When the blast went off, Hemant says he made his way through the smoke to the front, picked up his son, who was unconscious but still breathing, and carried him outside. Police rushed him to the hospital, where he died.
"Why do this to the tourists," he asks no one in particular, his face expressionless from shock. "What have we done?"
In the hospital lobby, Kashmir Tourist Police, used to such scenes, help Hemant remove his bloody shirt and gently slip a clean, black t-shirt over his head.
Vipin Bai, another tourist on the bus, his white undershirt crimson with the blood of the victims, describes the scene to reporters. An unidentified woman, who was also on the bus, embraces him and begins sobbing uncontrollably, her tears mixing with the dried blood on his shirt as he consoles her.

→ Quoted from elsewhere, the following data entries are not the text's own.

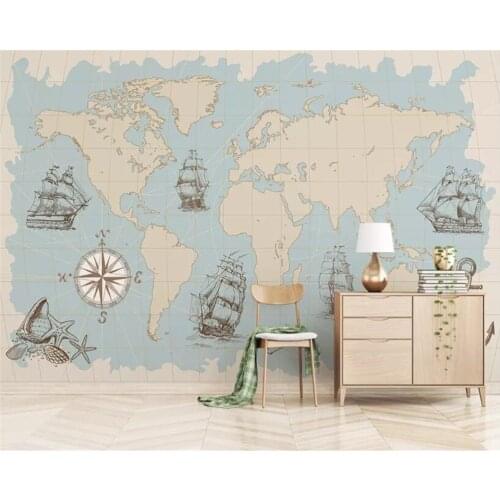 Beibehang Custom Any Size Mural Wallpaper 3D Nautical sailboat world map mural Living Room wallpaper for kids room 3d wallpaper
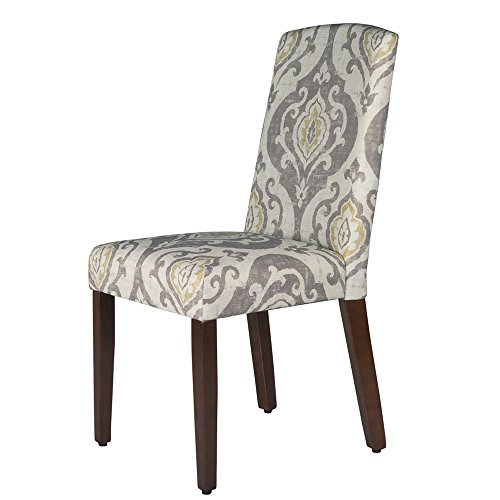 Homepop Home Decor | Upholstered Patterned Parsons Dining Chairs Set of 2 | Accent Chairs Set of 2 with Curved Back, Suri Brown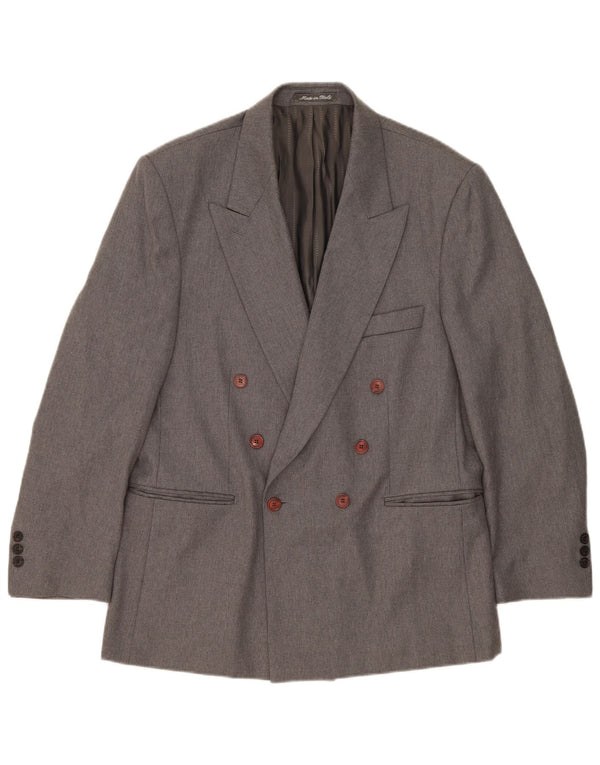 Jaqueta Blazer Masculina Mirage com peito duplo IT 52 XL Lã Merino Cinza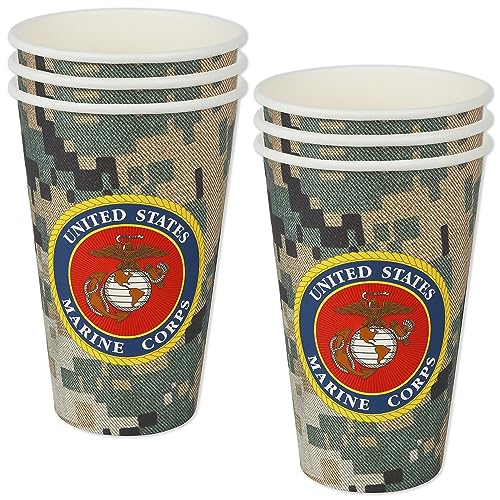Havercamp U.S. Marines Party Cups-16 Pack-16 Oz-Heavy Duty-Military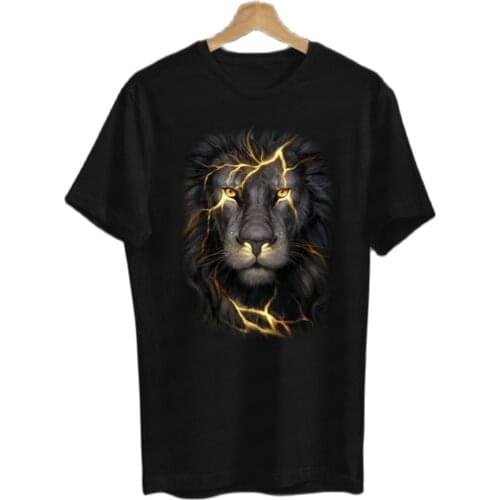 Unisex Tshirt Men-women Lightning Lion Design Black Round Neck T-shirt Plus size XS-5XL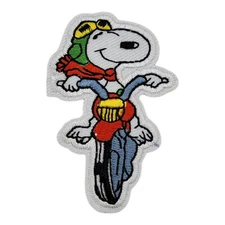 Snoopy Riding Motorcycle Bike Vintage Retro Iron on Patch Applique Embroidered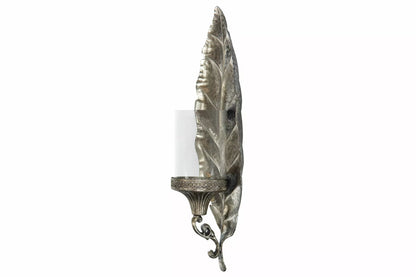 Ljusstake Ljushållare Vägg Löv Antik Silver 20x11x49cm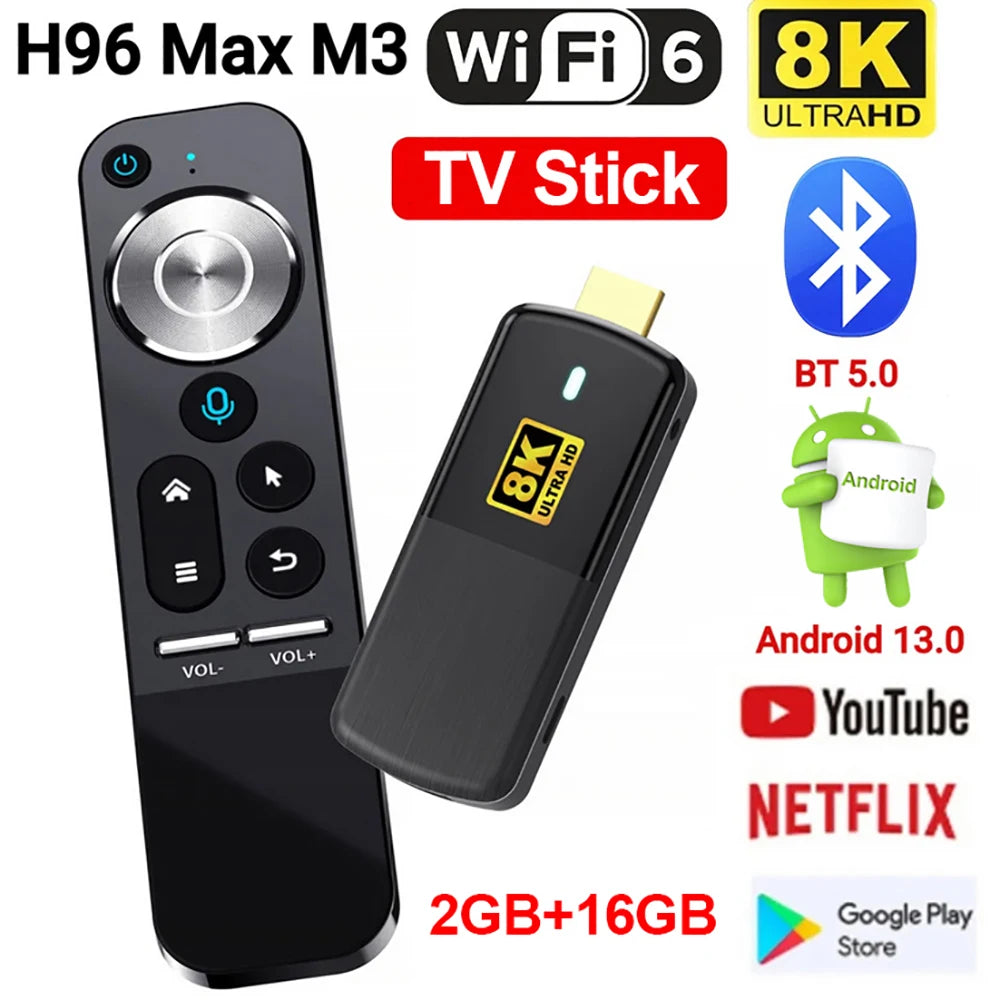 H96 Max M3 Smart TV Stick 8K Android 13 WIFI6 Voice Control Android HDMI-compatible TV Box 2GB 16GB OTA Bluetooth Media Player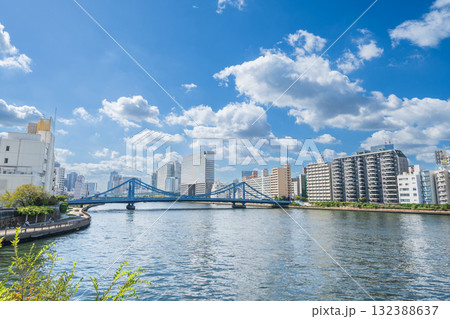 「東京都」深川付近の隅田川の風景 江東区 「東京都」深川付近の隅田川の風景 江東区 132388637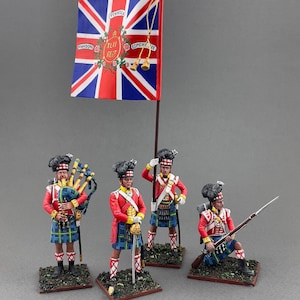 Painted miniature, 92nd Gordon Highlanders, Napoleonic figurine 60 mm, Collectible figure, Tin toy soldier, Napoleonic Wars VID SOLDIERS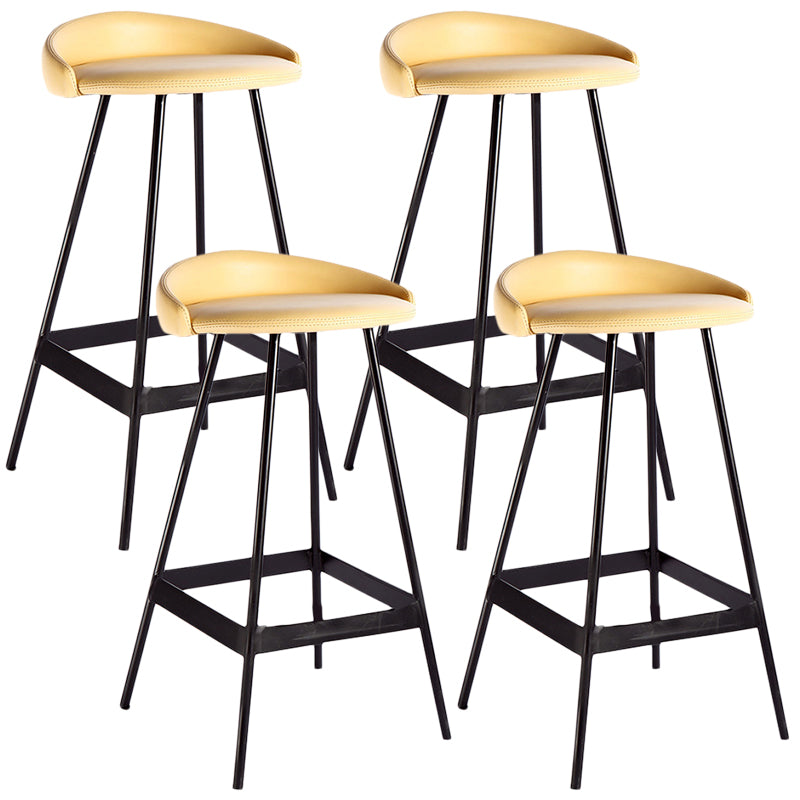 Industrial Metal Barstool Low Back Faux Leather Cushion in Matte Finish for Indoor
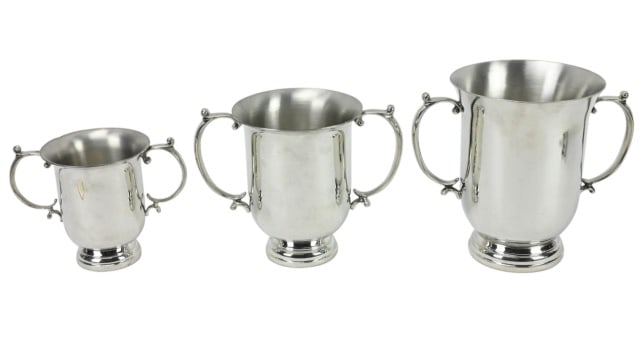 3 Footed Loving Cup Style Polished Pewter Vessels (1 of 6)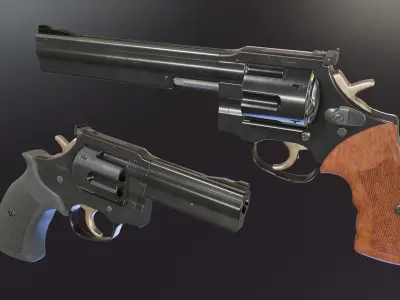 MR73 Revolver Low-poly 3D model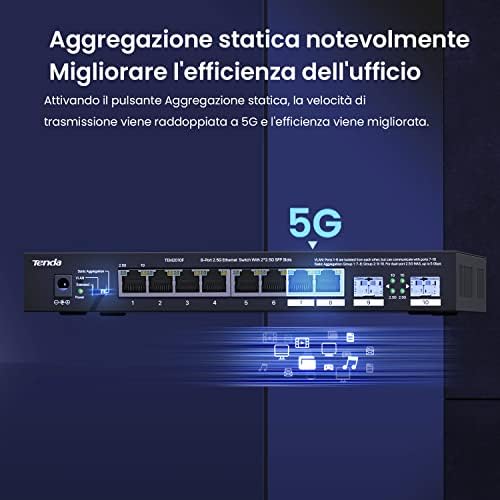Switch 2.5 Gigabit, Switch Ethernet 2.5 Gbps 10 Porte, 2 Porte SFP 2,5 G e 8 Porte RJ-45 2,5G, Desktop e Montaggio a Parete, Compatibile con Computer, NAS, AP Wi-Fi 6 (TEM2010F)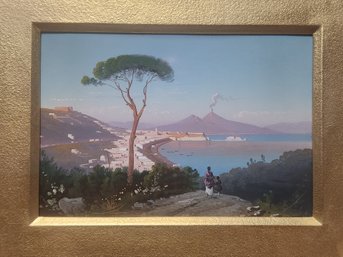 Grand Tour Gouache Painting Signed Romano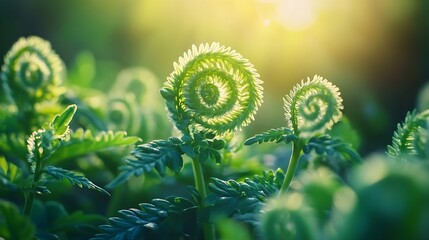 Aufkleber - Beautiful Close Up View Of Fresh Green Young Wild Ferns Plantation Bud In Spiral Form With Shallow Depth Of Field In The Forest : Generative AI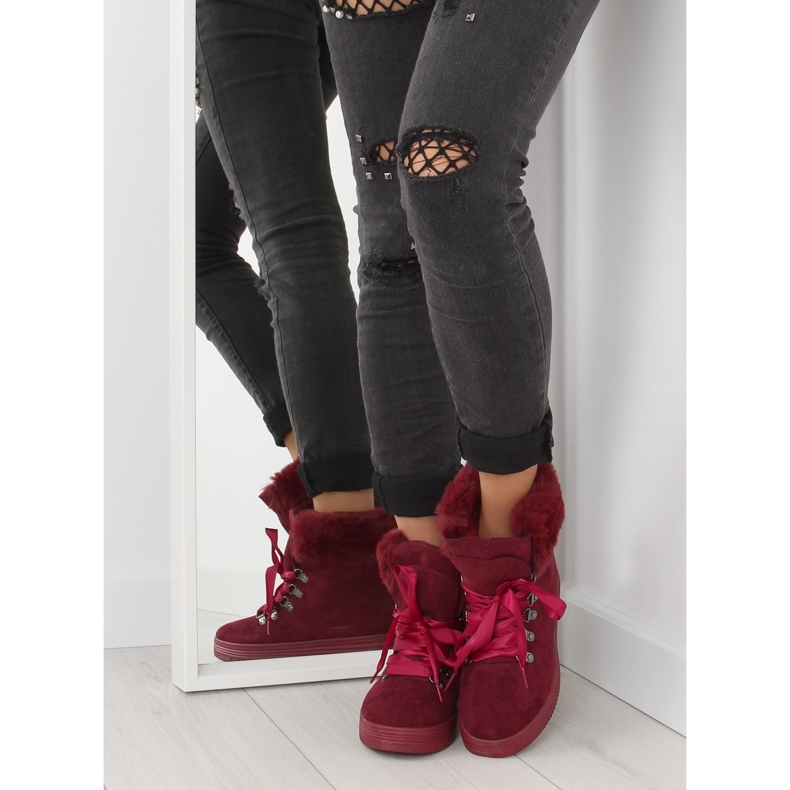 Dámské sněhule vínové 16-570 vínově červené černá 1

"It's painful when a child dies," says Dr. Ahmad Shah from the hospital's trauma staff. "But we are used to it. This has been going on for 16 years. We've seen this a thousand times over."
But it can hardly make it easier, especially if you arrived to Kashmir with your child seated next to you but must return home with him in a coffin in a plane's cargo hold.
The fact it happened on the last day of widely publicized peace talks between India's prime minister, Manmohan Singh, and separatist leaders from the region makes all of this even more poignant.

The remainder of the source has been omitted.